At the outbreak of war in September 1939, the eastern part of the country was still reeling from a decade of mass killings which accompanied Soviet campaigns to eradicate the national movement, to collectivize the peasantry, and to terrorize the population at large. A complex of mass graves at Kuropaty near Minsk which dates from 1938–9 is thought to contain several hundred thousand victims of Stalin's terror.

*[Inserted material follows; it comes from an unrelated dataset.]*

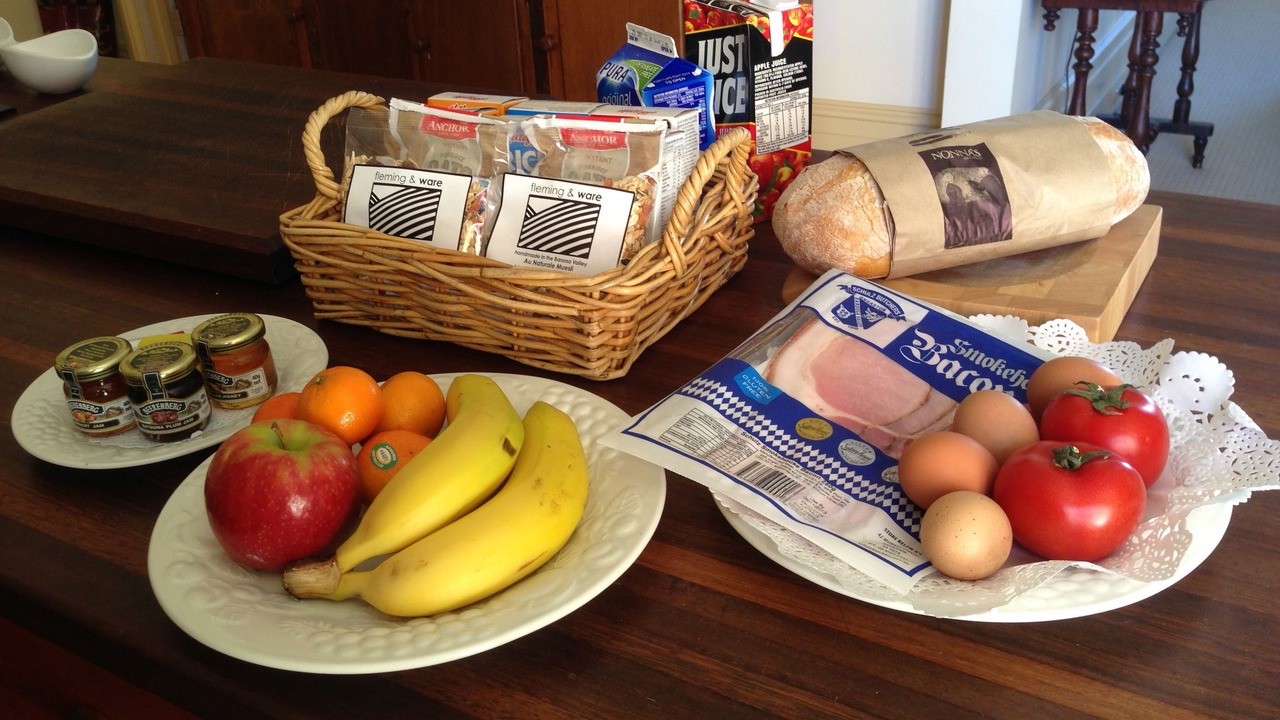 Photo of Others in North Adelaide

In September 1939, when western Belorussia was incorporated into the Soviet Union as a result of the
Nazi–Soviet Pact and the invasion of Poland (see
Polish campaign), the Stalinist terror moved westwards into the newly annexed territories. A stage-managed referendum was held to justify the annexation. Delegates supporting the ‘reunion’ were hand-picked by the Soviet security organs and citizens daring to vote against it were promptly arrested. A police cordon remained in place against movement to the rest of the USSR, whilst mass deportations took place over many months. Anyone connected in any way with Polish state institutions, or with independent Polish, Jewish, and Belorussian organizations, could expect to be eliminated. In addition to land awarded by the Nazi–Soviet Pact, Belorussia was given the district of Białystok bought by the Soviet government for cash (see Map 88).

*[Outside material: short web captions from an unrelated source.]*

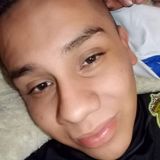 Palma from Yautepec | Man | 32 years old | Taurus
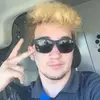 Matthew Dibble - @matthewdibble215 - TikTok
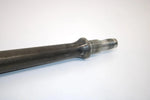 03 Kawasaki Prairie 650 Kvf650a 4x4 Oem Rear Axle 41068-1453 AK15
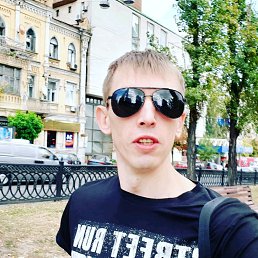 ���� ���������, ����, 38 ��� - ��������� 8 ������� 2019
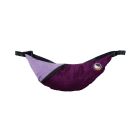 Sling Bag Plum - Lavender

From June 1941, Belorussia bore the brunt of the German invasion of the USSR (see
BARBAROSSA) and the subsequent German occupation, which lasted for three years, and it formed the largest element of the Reich Commissariat
Ostland. Jewish
ghettos were established in all the towns and cities, where many of the worst atrocities of the
Final Solution occurred. Underground resistance movements were particularly strong in Belorussia's forests; and German fears for their lines of communication to the front line provoked repeated reprisals (see
Khatin). Units of the Polish Home Army (see
Poland, 4) mingled uneasily in the woods with Jewish refugees and with increasing bands of Soviet partisans who infiltrated behind the German lines. Huge numbers of civilians were killed by military action or by random brutality, or were removed for
forced labour in the Reich.
The Soviet reoccupation of Belorussia took place between January and July 1944. From the start, the Soviet authorities assumed that the frontiers of September 1939 would be restored; and they made every effort to complete the sovietization begun in 1939–41. Renewed purges and deportations were launched to destroy all forms of opposition. The Belorussian SSR, though admitted to membership of the United Nations (see
San Francisco conference), possessed no independent powers. The ruling Communist Party was run from Moscow, and had been drained of all national sentiment. The Polish community was decimated and the Jewish community had disappeared. Religious and cultural life, including the state-run Russian Orthodox Church (see
religion), was completely subordinated to political control.
Belorussia's war losses were usually concealed within the statistics for the USSR as a whole, which rarely made reference to the separate republics and never differentiated between different nationalities or between the victims of Stalinist and Nazi oppression. In all probability, civilian losses approaching two million were similar in absolute numbers to those of Russia; total losses of perhaps 25% stood well above the Soviet average, being similar in percentage terms to those of Ukraine.